The expected output is the line with "Frederic Edwin Church" plus all lines after it to the end of the material below, reproduced exactly, with pictures omitted and nothing else included.

Stored data:
*** Begin section ***

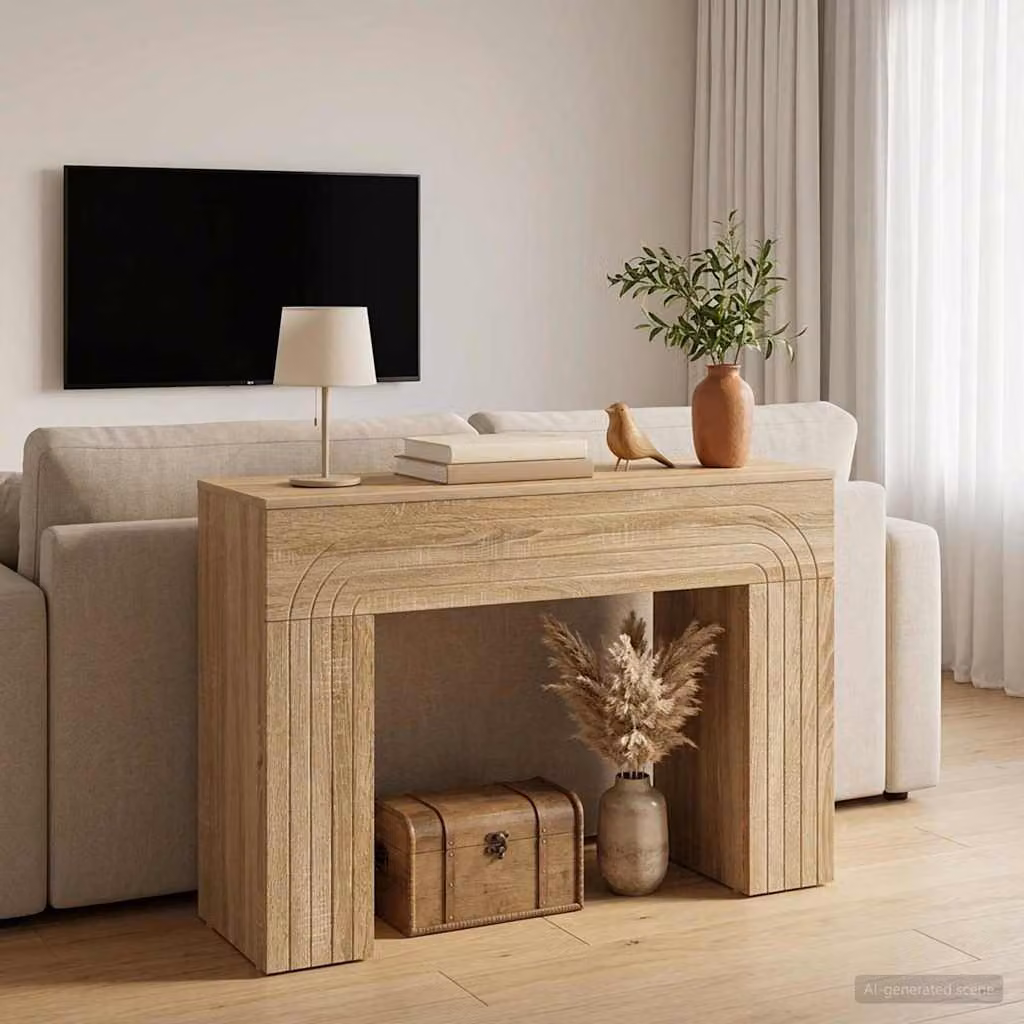 vidaXL Tavolino da salotto moderno in legno color rovere, L/P/H: 102 x 35 x 75 cm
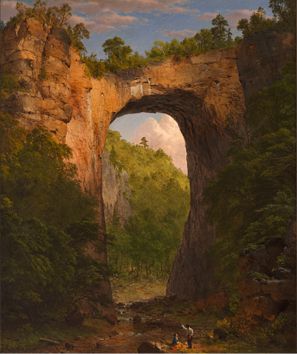 Frederic Edwin Church (American, 1826-1900), The Natural Bridge, Virginia, 1852, Oil on canvas, The Fralin Museum of Art at the University of Virginia, Gift of Thomas Fortune Ryan, 1912.1. Image courtesy of the Fralin Museum of Art at the University of Virginia, photography by Mark Gulezian/QuickSilver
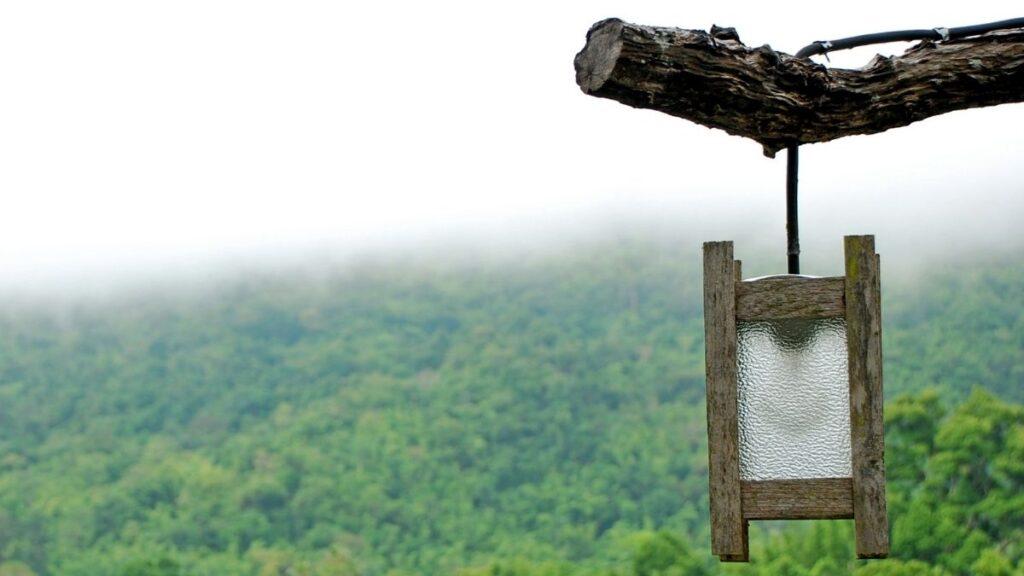 A lantern made from glass and pieces of bark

*** End section ***

Solution to this exercise:
 Frederic Edwin Church (American, 1826-1900), The Natural Bridge, Virginia, 1852, Oil on canvas, The Fralin Museum of Art at the University of Virginia, Gift of Thomas Fortune Ryan, 1912.1. Image courtesy of the Fralin Museum of Art at the University of Virginia, photography by Mark Gulezian/QuickSilver
 A lantern made from glass and pieces of bark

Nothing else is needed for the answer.